A herança maldita, por Ruy Fabiano
Ruy FabianoA reeleição foi a verdadeira herança maldita da Era FHC, saboreada, no entanto, pelos sucessores como bendita e definitiva.
Desde então, nos três âmbitos em que se aplica – prefeituras, governos estaduais e presidência da república -, condiciona praticamente todos os atos de governança.
A síntese pode ser reducionista, mas é real: o primeiro mandato faz caixa para o segundo e este consiste em pagar o resto da conta e preparar a sucessão para um aliado.
Uma tragédia político-administrativa: em vez dos “50 anos em 5”, de Juscelino Kubitschek, temos algo como oito anos em um – é o tempo de relativa autonomia, sem condicionantes eleitorais, em que se pode ousar alguma coisa.
Dilma teve a infelicidade de, nesse período, ver-se obrigada a demitir, por denúncias de corrupção, nada menos que seis ministros.

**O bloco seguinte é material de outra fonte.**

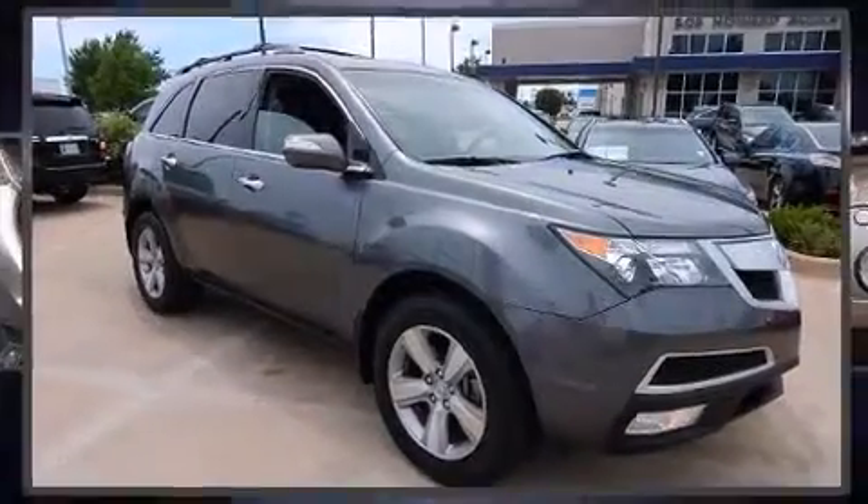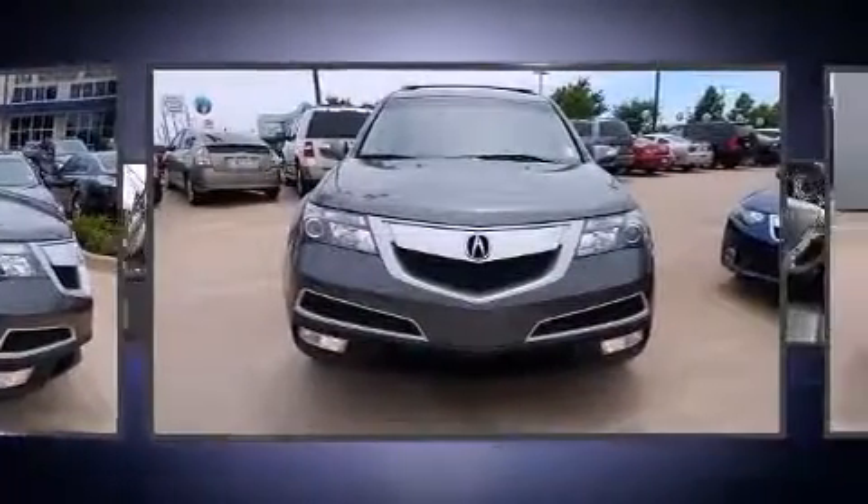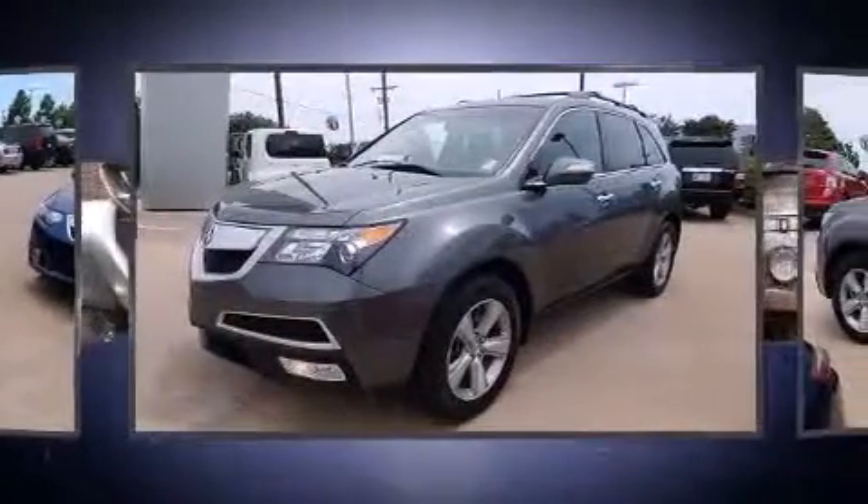Climb inside the 2010 Acura MDX. A 3.7-liter V6 engine pairs with a sophisticated 6-speed automatic transmission, and for added security, Dynamic Stability Control supplements the drivetrain.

Lula lamentou, na ocasião, que estivesse sendo pautada pela mídia, mas esta apenas registrou fatos – e estes se encarregaram de impor seus primeiros atos.
O resultado é que a máquina do Estado, não habituada a trabalhar sob padrões estritamente técnicos, parou; licitações foram suspensas e a agenda de obras não foi cumprida. Dilma tornou-se mais refém ainda de sua base.

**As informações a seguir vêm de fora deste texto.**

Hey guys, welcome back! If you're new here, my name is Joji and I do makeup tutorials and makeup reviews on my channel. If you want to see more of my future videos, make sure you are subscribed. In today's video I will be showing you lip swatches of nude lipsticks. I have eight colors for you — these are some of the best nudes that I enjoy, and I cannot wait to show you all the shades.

Passado esse período em que, em tese, poderia ser mais independente, começaram as articulações internas na base governista com vistas à sucessão. Nessa circunstância, o presidente (prefeito ou governador) age tendo em vista sua recondução. Eis então que o fisiologismo se exacerba.

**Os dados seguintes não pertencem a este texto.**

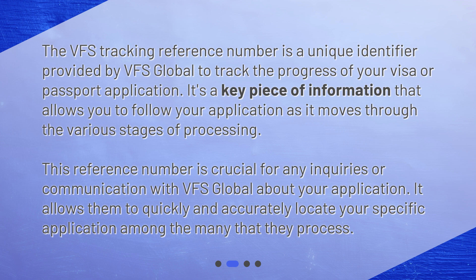This reference number is crucial for any inquiries or communication with VFS Global about your application. It allows them to quickly and accurately locate your specific application among the many that they process.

A base se divide – ou forja uma divisão, o que dá no mesmo -, em face da sucessão. No caso presente, o governador de Pernambuco, Eduardo Campos, do PSB, avisa que será candidato contra Dilma, provocando reações no aliado PT.
Campos pode não ser um candidato nacionalmente competitivo, mas faz um estrago na principal base eleitoral do lulismo, o Nordeste, que garantiu a eleição de Dilma.
A oposição, tão silenciosa em momentos mais graves, reage aderindo à pauta do governo, e lança seu candidato, o senador Aécio Neves, do PSDB. A independente Marina Silva, ex-ministra de Lula, funda um partido, a Rede, com o objetivo de se lançar candidata. Programas e doutrina são detalhes que não convém tratar agora – ou mesmo nunca. Generalidades são mais eficazes.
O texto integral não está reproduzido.